On trouvera l’arrêt de la Cour de cassation en cliquant ici
Le droit de préemption est de règle, mais il connaît des exceptions
En cas de vente d’un bien rural loué en vertu d’un bail à ferme, le droit de préemption est de règle, mais il peut connaître des exceptions. En Région wallonne, l’article 52 de la loi sur le bail à ferme en énumère neuf. Ainsi par exemple le propriétaire ne doit-il pas faire offre de préemption au preneur quand il obtient du juge de paix l’autorisation de vendre son bien sans que le droit de préemption puisse être exercé (Loi du 4 novembre 1969 sur le bail à ferme, article 52, 8°). La loi précise que le juge n’accorde cette autorisation que si le propriétaire a des motifs sérieux pour écarter le preneur et que, pour apprécier le caractère sérieux des motifs invoqués, le juge s’inspire notamment des dispositions de l’article 7 relatives aux motifs des congés.
Vente sous condition de dispense de notification d’offre de préemption
En l’occurrence, le contrat de vente avait été conclu sous la condition suspensive que le juge de paix accorde dispense de notification d’une offre de préemption.
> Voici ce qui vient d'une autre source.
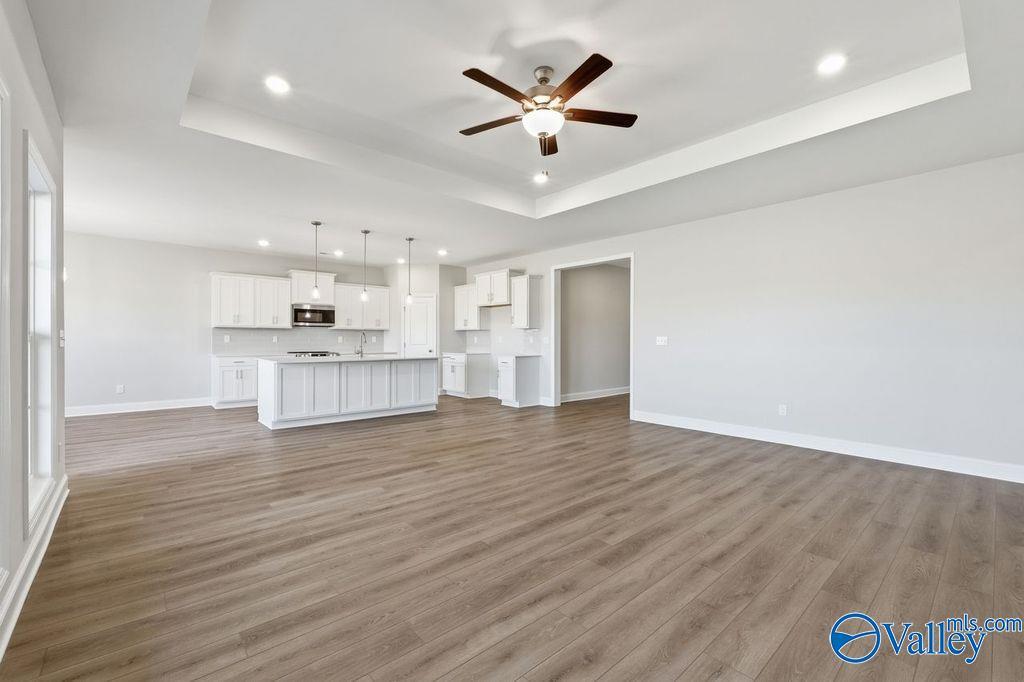 Modern open kitchen with white cabinets, large island, pendant lights, and ceiling fan in Davidson Homes The Harrison, Hartselle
La loi réserve en principe au propriétaire le droit de demander cette dispense, mais dans son arrêt, la Cour de cassation reconnaît au tiers acquéreur sous condition suspensive un droit d’initiative sur base de l’article 1180 du Code civil. Cette disposition permet en effet aux créanciers sous condition suspensive d’accomplir tous actes conservatoires de leur droit.
Intérêt d’une telle condition pour le candidat à l’acquisition
L’on se demandera sans doute quel peut être l’intérêt, pour le propriétaire d’un bien loué et le candidat à son acquisition, de soumettre leur contrat à la réalisation d’une telle condition, sachant que de toute façon la vente n’a pas lieu au profit du tiers quand elle est soumise à la condition suspensive que le preneur n’exerce pas son droit de préemption, si celui-ci l’exerce. C’est que certaines ventes portent sur des biens mixtes, comprenant une partie que l’on peut vendre sans offre de préemption, et une autre partie qui, en principe, est soumise au droit de préemption. L’arrêt du 6 mai 2021 vise ainsi l’article 52, 7° de la loi sur le bail à ferme, qui fait exception au droit de préemption en cas de vente, par exemple, d’un terrain à bâtir immédiatement constructible. La partie du bien mis en vente qui n’est pas soumise au droit de préemption peut fort bien n’intéresser le tiers que s’il peut également acheter l’autre partie, sur laquelle le droit de préemption s’applique en principe. En pareil cas, le tiers candidat à l’acquisition ne s’engagera à acquérir la partie du bien sur laquelle le droit de préemption ne s’applique pas que s’il a la garantie de pouvoir acheter l’autre. Il peut donc avoir intérêt à prendre l’initiative de la demande de dispense, si le propriétaire ne la prend pas de son côté.